Writing isn’t brain surgery, but it’s rare when someone adept at the latter is also so accomplished at the former. Searching for meaning and purpose in his life, Kalanithi pursued a doctorate in literature and had felt certain that he wouldn’t enter the field of medicine, in which his father and other members of his family excelled. “But I couldn’t let go of the question,” he writes, after realizing that his goals “didn’t quite fit in an English department.” “Where did biology, morality, literature and philosophy intersect?” So he decided to set aside his doctoral dissertation and belatedly prepare for medical school, which “would allow me a chance to find answers that are not in books, to find a different sort of sublime, to forge relationships with the suffering, and to keep following the question of what makes human life meaningful, even in the face of death and decay.” The author’s empathy undoubtedly made him an exceptional doctor, and the precision of his prose—as well as the moral purpose underscoring it—suggests that he could have written a good book on any subject he chose.

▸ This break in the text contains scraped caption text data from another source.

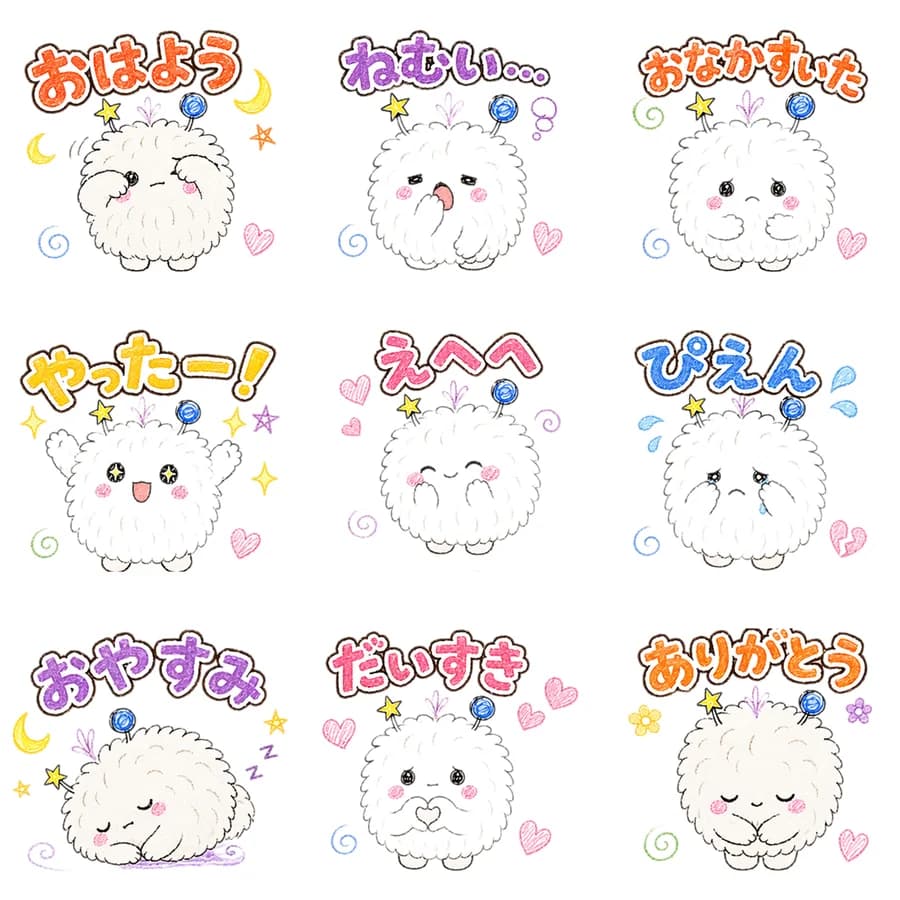 Set 40 stiker LINE AI hasil Stampo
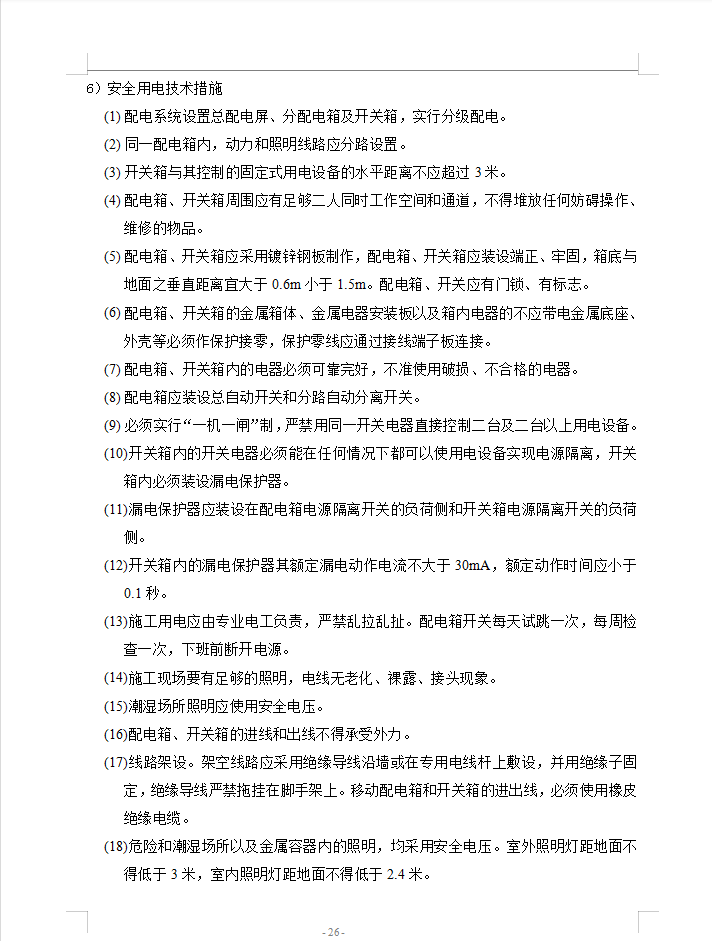 大型酒店机电设备安装工程施工组织设计 184P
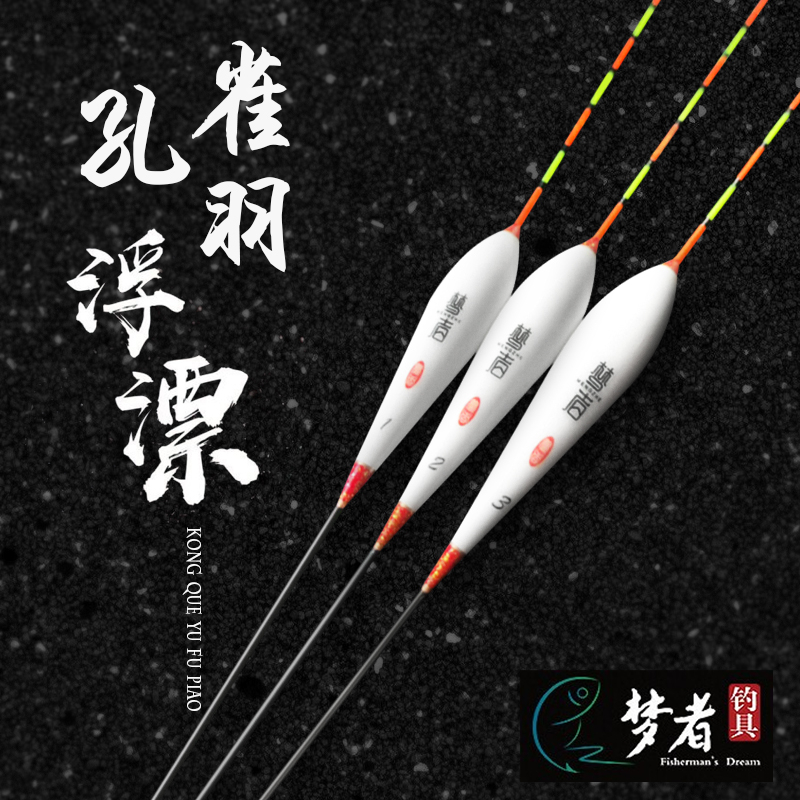梦者钓具孔雀羽浮漂正品醒目鱼漂轻口鲫鱼漂高灵敏滑口浮标行程漂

Part of what makes this book so essential is the fact that it was written under a death sentence following the diagnosis that upended his life, just as he was preparing to end his residency and attract offers at the top of his profession. Kalanithi learned he might have 10 years to live or perhaps five. Should he return to neurosurgery (he could and did), or should he write (he also did)? Should he and his wife have a baby? They did, eight months before he died, which was less than two years after the original diagnosis. “The fact of death is unsettling,” he understates. “Yet there is no other way to live.”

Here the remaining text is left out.